Sul fronte della prevenzione l’unica opzione è controllare costantemente i bambini sempre (non solo nelle fasi di giuoco) e proporre attività potenzialmente poco pericolose, dopodiché i miracoli non si possono fare. Il secondo fronte sul quale intervenire concretamente è quello legale. Fermo restando che è sempre opportuno accertare cosa è successo quando accade un infortunio grave non è assolutamente sensato attribuire responsabilità agli insegnanti quando sono state messe in atto le precauzioni necessarie per evitare l’infortunio. Se due bambini si scontrano frontalmente finché stanno correndo ed arrivano ad un improbabile ma purtroppo non impossibile trauma cranico non si può assolutamente imputare nulla agli insegnanti.

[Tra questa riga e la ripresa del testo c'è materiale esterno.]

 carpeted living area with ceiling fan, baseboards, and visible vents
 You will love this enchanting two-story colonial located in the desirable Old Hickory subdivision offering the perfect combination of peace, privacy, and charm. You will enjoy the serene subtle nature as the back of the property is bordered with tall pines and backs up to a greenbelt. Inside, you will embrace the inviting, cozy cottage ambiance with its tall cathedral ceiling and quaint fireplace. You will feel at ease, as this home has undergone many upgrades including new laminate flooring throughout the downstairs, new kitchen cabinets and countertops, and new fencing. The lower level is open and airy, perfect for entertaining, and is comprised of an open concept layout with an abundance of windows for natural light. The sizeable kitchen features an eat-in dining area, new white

Questi bambini non si stavano arrampicando su piante alte venti metri, stavano semplicemente correndo.

Bisogna ammettere che i nostri figli sono sempre meno “allenati” a giocare ed a volte riescono a farsi del male anche in situazioni nelle quali una volta assolutamente non rischiavano nulla. Ce ne sono di quelli che fanno fatica a valutare bene lo spazio, hanno problemi percettivi e di gestione del movimento, questi problemi possono anche portare ad una maggiore pericolosità nel normale gioco. Questa realtà molto scomoda è un motivo in più per dire che i bambini di oggi hanno terribilmente bisogno di giocare e non è assolutamente sensato vietare il gioco perchè si ritiene che sia diventato più pericoloso. Semmai questa nuova situazione può costringere a maggior attenzione nell’azione di sorveglianza e di selezione dei giochi da proporre ma non per questo il gioco diventa quello di stare fermi.

Insomma non solo è mutato in modo sostanziale l’ambiente nel quale i bambini si trovano a giocare ma c’è stato anche un cambiamento di atteggiamento di tipo “iperprotettivo” che ha prodotto dei veri e propri disastri.

Il fatto che il mio articolo ovvio e scontato sia stato letto da molte persone testimonia che il problema è sentito. Non possiamo ricreare l’ambiente di una volta ma possiamo adoperarci perché i bambini possano avere più occasioni di gioco. Se poi andiamo a scoprire che queste occasioni di gioco vengono limitate anche dal fatto che c’è stato un cambio di atteggiamento netto nel valutare altri deficit nei bambini allora riusciamo a capire che tutto ciò dipende molto dall’atteggiamento degli adulti più che dalla volontà dei bambini. E così, riprendendo l’osservazione che facevo su quell’articolo di tempo fa, con la stessa tempestività con la quale oggigiorno riusciamo a rilevare eventuali deficit in italiano o in matematica dobbiamo riuscire a rilevare anche pericolosi deficit nelle attività motorie per non arrivare al disastro del bambino che è perfino pericoloso quando gioca perché ha grosse lacune nella valutazione spazio temporale dei suoi movimenti. Il deficit in matematica e/o in italiano è facilmente colmabile in tempi successivi, il deficit di attività motoria tende a cronicizzare ed a produrre situazioni non risolvibili facilmente, nemmeno con i famosi corsi di attività psicomotoria che, ripeto, sono certamente utili ma non possono fare miracoli perché si svolgono su due o tre ore settimanali quando di ore ne occorrerebbero almeno dieci. Sperare che un bambino migliori le sua capacità motorie con due o tre ore di attività fisica alla settimana è come sperare che impari l’italiano con dieci minuti di dettato alla settimana. Per carità, se si chiama Dante può impararlo anche così ma non possiamo sperare che i bambini italiani si chiamino tutti Pietro Paolo Mennea e abbiano innate abilità di movimento. In ogni caso se è vero che Dante probabilmente si applicava molto nello studio anche da bambino è pur vero che Pietro Paolo Mennea ha sempre fatto tanta attività fisica. Altrimenti avrebbe forse conseguito ugualmente quattro lauree come ha fatto da atleta ma non avrebbe certamente fatto il record del mondo dei 200 metri. Non ci interessa un soggetto che riscriva la Divina Commedia e neppure uno che stabilisca un record del mondo che resiste 17 anni, ci interessa crescere bambini felici che possono diventare atleti o avvocati, cantanti o medici, ma comunque sani.